▶ WHAT THE TASK ASKS: Give back the whole listing exactly as written, pictures excluded.

▶ SUPPLIED INFORMATION:
——
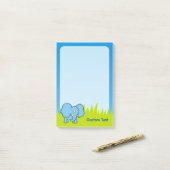 Blauwe Cartoon Post-it® Notes (Op bureau)
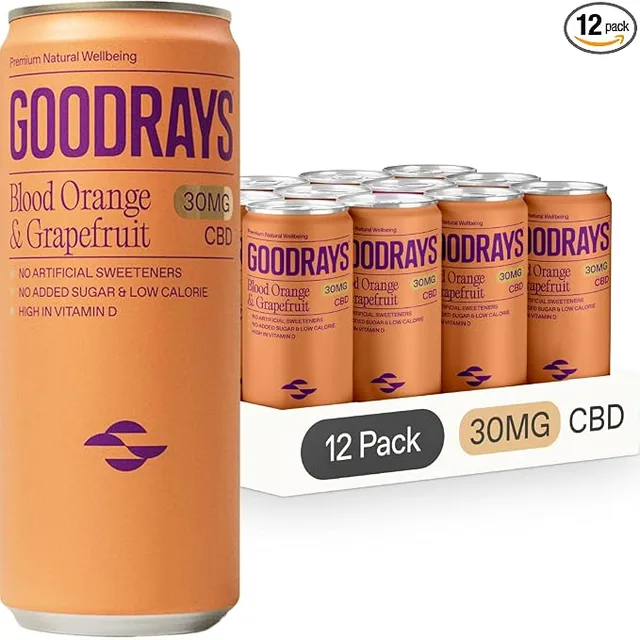 GOODRAYS Blood Orange & Grapefruit CBD Drinks, 12 × 250 ml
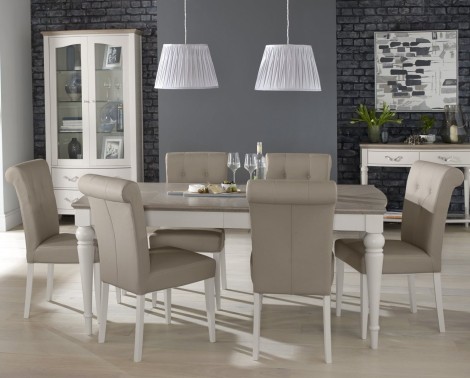 Montreux Grey Washed Oak & Soft Grey 6-8 Seater Table & 6 Upholstered Chairs in Grey Bonded Leather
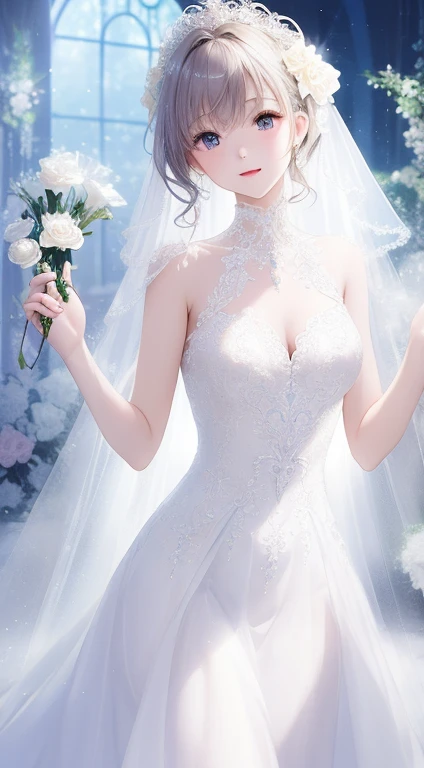 (top-quality、hight resolution、​masterpiece)、There is a wedding dress with lights on the mannequin stand、A dream world where a beautiful woman wears that dress、((Fantastical))、 translucent  dress, white royal dress, Elegant white dress, fantasy dress, Elega...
——
▶ OUTPUT BELOW:
 Blauwe Cartoon Post-it® Notes (Op bureau)
 GOODRAYS Blood Orange & Grapefruit CBD Drinks, 12 × 250 ml
 Montreux Grey Washed Oak & Soft Grey 6-8 Seater Table & 6 Upholstered Chairs in Grey Bonded Leather
 (top-quality、hight resolution、​masterpiece)、There is a wedding dress with lights on the mannequin stand、A dream world where a beautiful woman wears that dress、((Fantastical))、 translucent  dress, white royal dress, Elegant white dress, fantasy dress, Elega...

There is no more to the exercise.